Abstract Triple-negative breast cancer (TNBC) is a lethal female cancer, of which paclitaxel resistance is a major factor limiting treatment outcomes, and continued unmet needs for more effective therapeutic strategies are arduous. The aim of this study is to establish a paclitaxel-resistant TNBC cell line and to characterize the underlying mechanism for potential strategies to overcome the resistance. The human TNBC cell line MDA-MB-231 was exposed to stepwise escalating paclitaxel concentration from 0.5 to 50 nM and a resistant cell line T50R was selected. The IC50 of paclitaxel was 2 and >100 nM in MDA-MB-231 and T50R cells respectively.
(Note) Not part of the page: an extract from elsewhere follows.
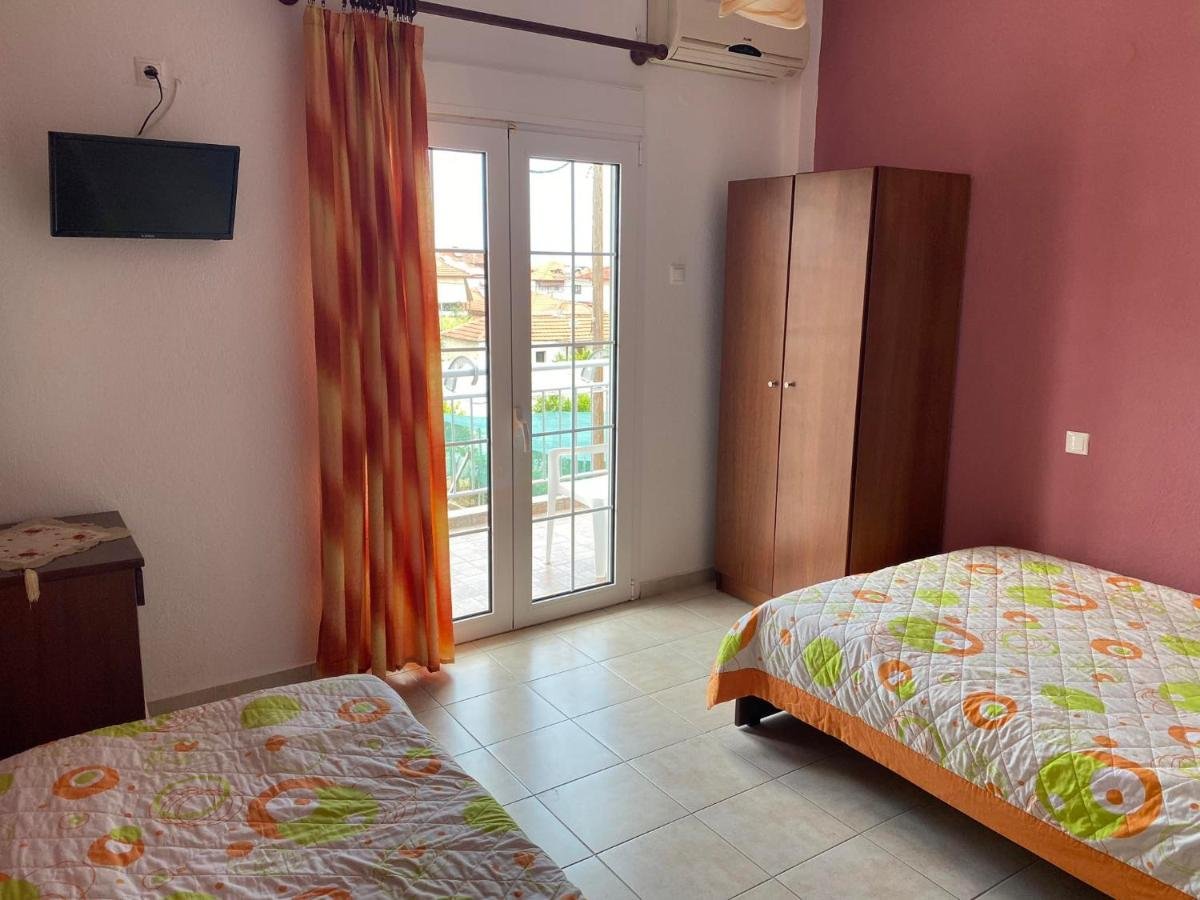 24798 - CHRYSA ROOMS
However, T50R cells required 50 nM Taxol for proliferation. When cultured in the absence of paclitaxel, T50R cells arrested at mitotic stage with high levels of spindle abnormalities. Since induction of microtubule (MT) stabilization plays critical roles in paclitaxel’s potency, we thus measure cell MT polymerization and kinetochore-MT stability. The results showed that, compared to parental MDA-MB-231 cells, the interphase MTs were less polymerized and the kinetochore-MTs were less stable in T50R cells, indicating that the MT dynamic instability was significantly increased in T50R cells. Thus, the increased dynamic unstable MTs in T50R cells might contribute to drug requirement for cell growth and counteract with paclitaxel effects, and consequently lead to drug-resistant phenotype. Identification and interference of endogenous regulators involved in the increased MT instability in T50R cells might provide leads to overcome paclitaxel resistance. Citation Format: Ling-Huei Yih, Hsiao-Hui Kuo, Chieh-Ting Fang. Establishment and characterization of a paclitaxel-resistant human triple-negative breast cancer cell line [abstract]. In: Proceedings of the American Association for Cancer Research Annual Meeting 2024; Part 2 (Late-Breaking, Clinical Trial, and Invited Abstracts); 2024 Apr 5-10; San Diego, CA. Philadelphia (PA): AACR; Cancer Res 2024;84(7_Suppl):Abstract nr LB261.